Lili Reinhart, best known for playing Betty Cooper on Riverdale, gave an empowered speech during the Glamour 2018 Women of the Year Summit. Focusing on body shaming and the unrealistic standards placed on women, the 22-year-old actor didn't hold back on her beliefs.
Reinhart has always been open and honest about her personal struggles, speaking freely about her mental health issues and body dysmorphia. Since she's been rightfully lauded for her openness in the past and has such a wide reach to younger audiences, it's no surprise Glamour would ask her to speak at such an important event for women.

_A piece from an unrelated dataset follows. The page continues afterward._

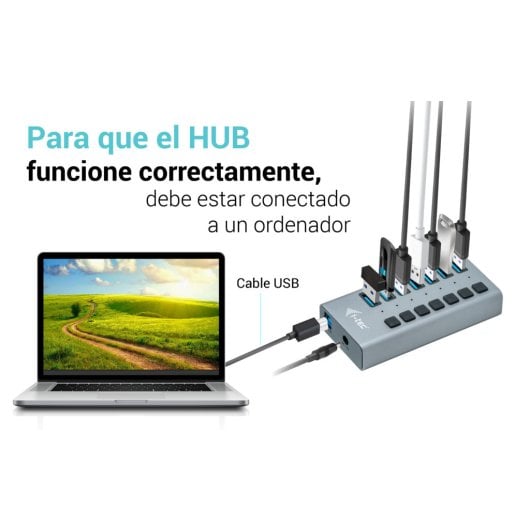 Concentrador USB i-tec 7 puertos USB 3.0 aluminio, carga rápida, alimentación 36W, gris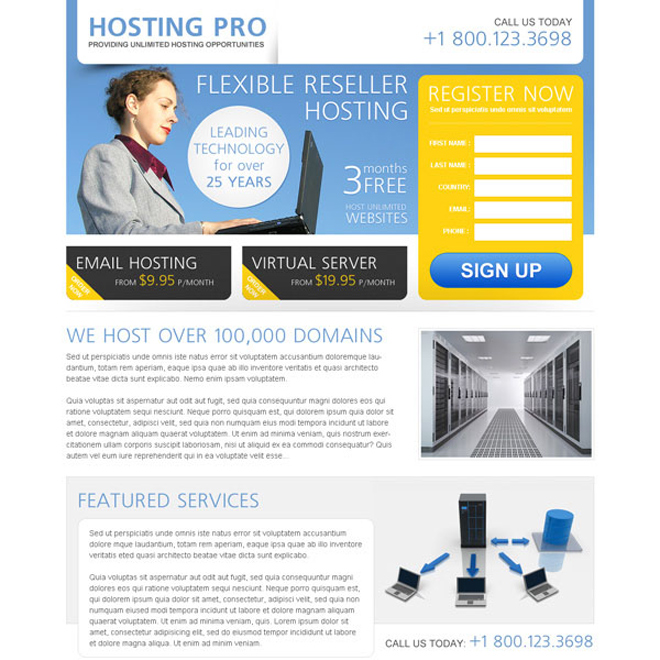 hosting pro registration lead capture form to boost your website traffic and conversion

"Embracing your natural beauty does not exclude anyone. There is no fine print. You can be naturally beautiful with acne, scars, cellulite or curves." - @lilireinhart #GlamourWOTY pic.twitter.com/rAtLS3pPnL— Glamour (@glamourmag) November 11, 2018
In the speech, Reinhart discusses how living in the spotlight and constantly seeing photos of herself can be difficult, but when she opened up about those feelings in the past, she "faced criticism" for daring to talk about her own body struggles.
While she understands that it may seem "inappropriate" for someone of her smaller size to tackle these issues, she points out that it wasn't until she "was in an industry that rewards and praises people for having a smaller waist than [she] will ever have", that the actor started thinking things were wrong with her, physically.
She found herself becoming "hyper aware" of her own body. "I felt this strange, constant struggle of having to live up to the expectation of the appearance that I had already established to the world," she explains.
She also mentions that a major part of feeling self-conscience about one's body is not wanting to feel judged by others, which is becoming increasingly easier with social media. "Because judgment and criticism have always existed," she explains, "It’s just that now, everyone can be a critic and can share it publicly and without hesitation, at the push of a button."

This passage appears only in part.